▶ **About this exercise**
Exact copy, no pictures: repeat the data that follows.

▶ **Available data**

::::

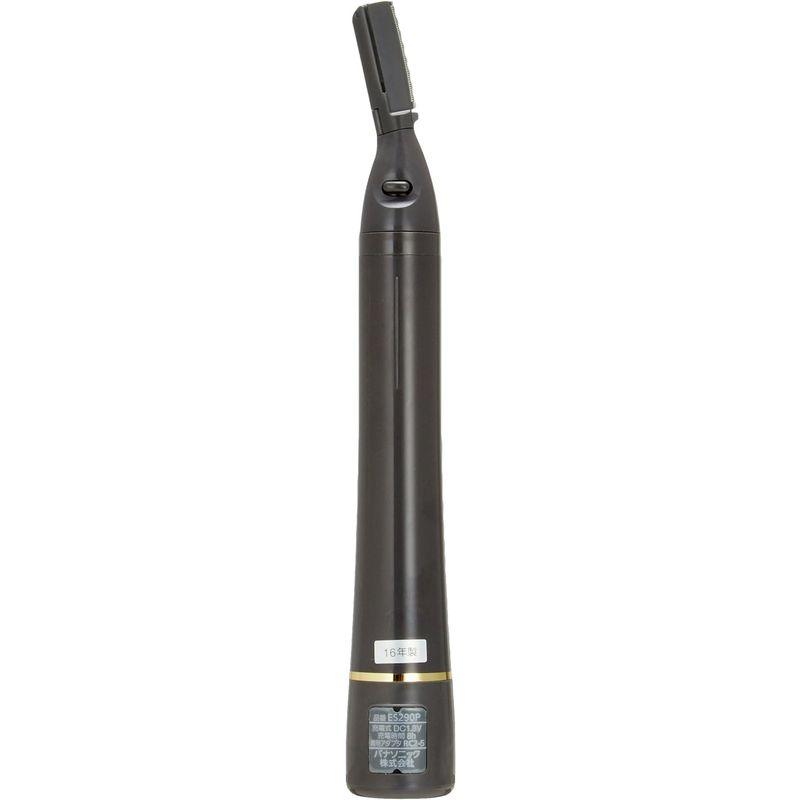 パナソニック プロ ウブ毛トリマー ES290-H プロ ウブ毛トリマー ES290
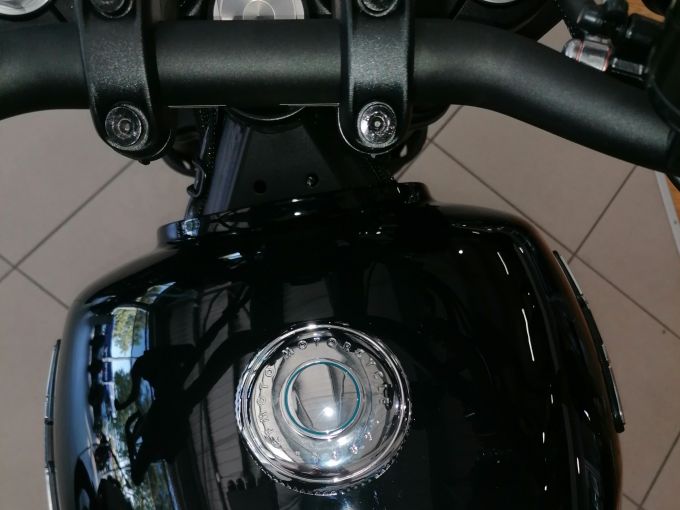 CF MOTO CF 450 CL-C BLACK 4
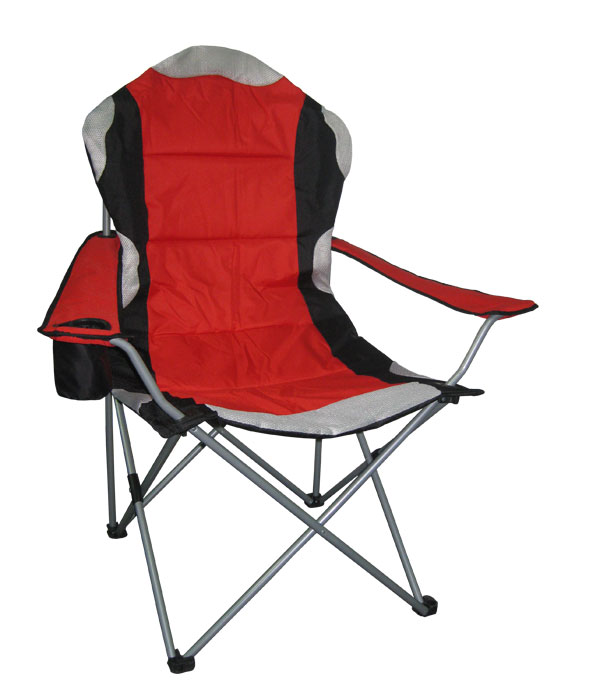 Chair - Heavy Duty Camping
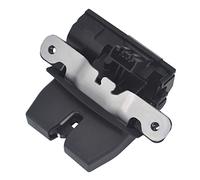 Serratura Portellone Bagagliaio Posteriore Fiesta MK6, KASturbo Chiusura Blocco per B-Max 2008-2017 1761865 8A61A442A66BE DK5162310D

::::

▶ **Answer section**
 パナソニック プロ ウブ毛トリマー ES290-H プロ ウブ毛トリマー ES290
 CF MOTO CF 450 CL-C BLACK 4
 Chair - Heavy Duty Camping
 Serratura Portellone Bagagliaio Posteriore Fiesta MK6, KASturbo Chiusura Blocco per B-Max 2008-2017 1761865 8A61A442A66BE DK5162310D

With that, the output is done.